- [HOW TO COMPLETE THIS TASK] Please print exactly the lines below, from the start of the material up to and including the line with "But you can", but none of the pictures.

- [DATA]
════════════════

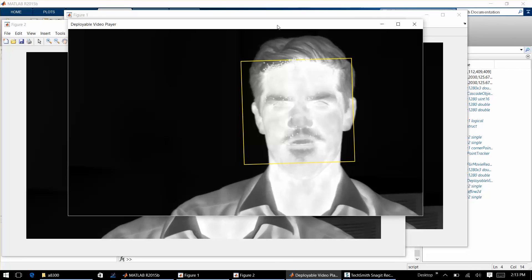Hope this was helpful. If you have additional questions please feel free to reach out to FLIR by going to www.flir.com/matlab. Thank you.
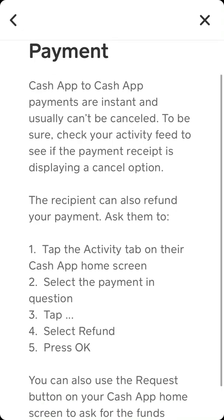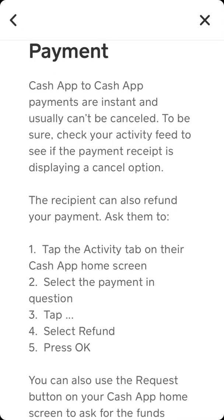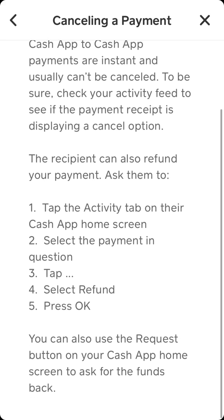But you can ask your recipient to refund a payment. Of course, if you know your recipient and you trust them. But if it was some kind of scam, probably they just won't do it.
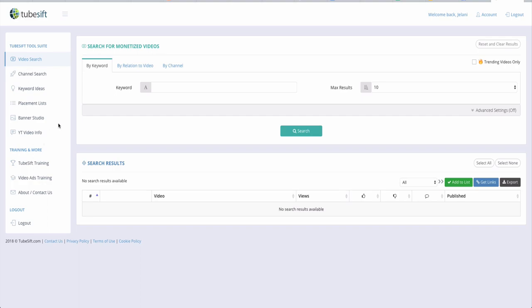I'm going to give you guys an overview of this software. When you first get in, this is what it looks like. On the left-hand side you can see: video search, channel search, keyword ideas, placement list, banner studio, YT video info, and there are also some trainings as well.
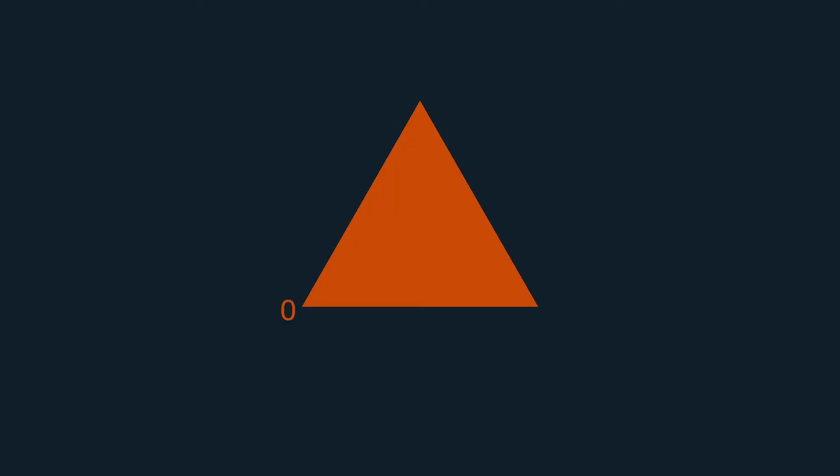As you hopefully remember, we can draw a triangle by telling OpenGL to use the triangle primitive between 3 vertices, in this case vertices 0, 1 and 2. Easy enough, right?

════════════════

- [WRITTEN RESPONSE]
Hope this was helpful. If you have additional questions please feel free to reach out to FLIR by going to www.flir.com/matlab. Thank you.
But you can ask your recipient to refund a payment. Of course, if you know your recipient and you trust them. But if it was some kind of scam, probably they just won't do it.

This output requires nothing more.